On 10/17/22 18:21, Alex Williamson wrote:
> On Mon, 17 Oct 2022 13:54:03 +0300
> Andrey Ryabinin <arbn@yandex-team.com> wrote:
> 
>> These patches add possibility to pass VFIO device to QEMU using file
>> descriptors of VFIO container/group, instead of creating those by QEMU.
>> This allows to take away permissions to open /dev/vfio/* from QEMU and
>> delegate that to managment layer like libvirt.
>>
>> The VFIO API doen't allow to pass just fd of device, since we also need to have
>> VFIO container and group. So these patches allow to pass created VFIO container/group
>> to QEMU via command line/QMP, e.g. like this:
>>             -object vfio-container,id=ct,fd=5 \
>>             -object vfio-group,id=grp,fd=6,container=ct \
>>             -device vfio-pci,host=05:00.0,group=grp
> 
> This suggests that management tools need to become intimately familiar
> with container and group association restrictions for implicit
> dependencies, such as device AddressSpace.  We had considered this
> before and intentionally chosen to allow QEMU to manage that
> relationship.  Things like PCI bus type and presence of a vIOMMU factor
> into these relationships.
> 

This is already the case. These patches doesn't change much.
QEMU doesn't allow to adding device from one group to several address spaces.
So the management tool needs to know whether devices are in the same group or not
and whether QEMU will create separate address spaces for these devices or not.

E.g.
qemu-system-x86_64 -nodefaults -M q35,accel=kvm,kernel-irqchip=split \
        -device intel-iommu,intremap=on,caching-mode=on \
        -device vfio-pci,host=00:1f.3 \
        -device vfio-pci,host=00:1f.4 
qemu-system-x86_64: -device vfio-pci,host=00:1f.4: vfio 0000:00:1f.4: group 14 used in multiple address spaces

> In the above example, what happens in a mixed environment, for example
> if we then add '-device vfio-pci,host=06:00.0' to the command line?
> Isn't QEMU still going to try to re-use the container if it exists in
> the same address space? Potentially this device could also be a member
> of the same group.  How would the management tool know when to expect
> the provided fds be released?
> 

Valid point, container indeed will be reused and second device will occupy it.
But we could make new container instead. Using several containers in one address
space won't be a problem, right?
Of course several devices from same group won't be allowed to be added in mixed way.
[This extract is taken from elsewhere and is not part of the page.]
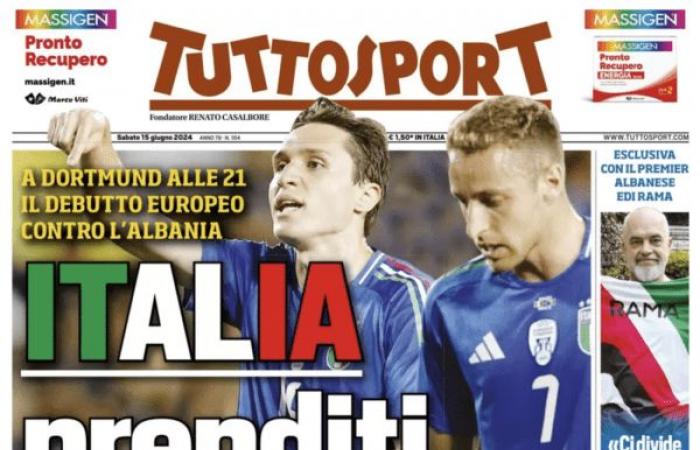 Presseschau vom 15. Juni in Genua: Der Name Turati steht im Mittelpunkt. Retegui im ​​Interview mit Sportweek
> We also have an outstanding RFC for iommufd that already proposes an fd
> passing interface, where iommufd removes many of the issues of the vfio
> container by supporting multiple address spaces within a single fd
> context, avoiding the duplicate locked page accounting issues between
> containers, and proposing a direct device fd interface for vfio.  Why at
> this point in time would we choose to expand the QEMU vfio interface in
> this way?  Thanks,
> 

It sounds nice, but iommufd is new API which doesn't exist in any kernel yet.
These patches is something that can be used on existing, already deployed kernels.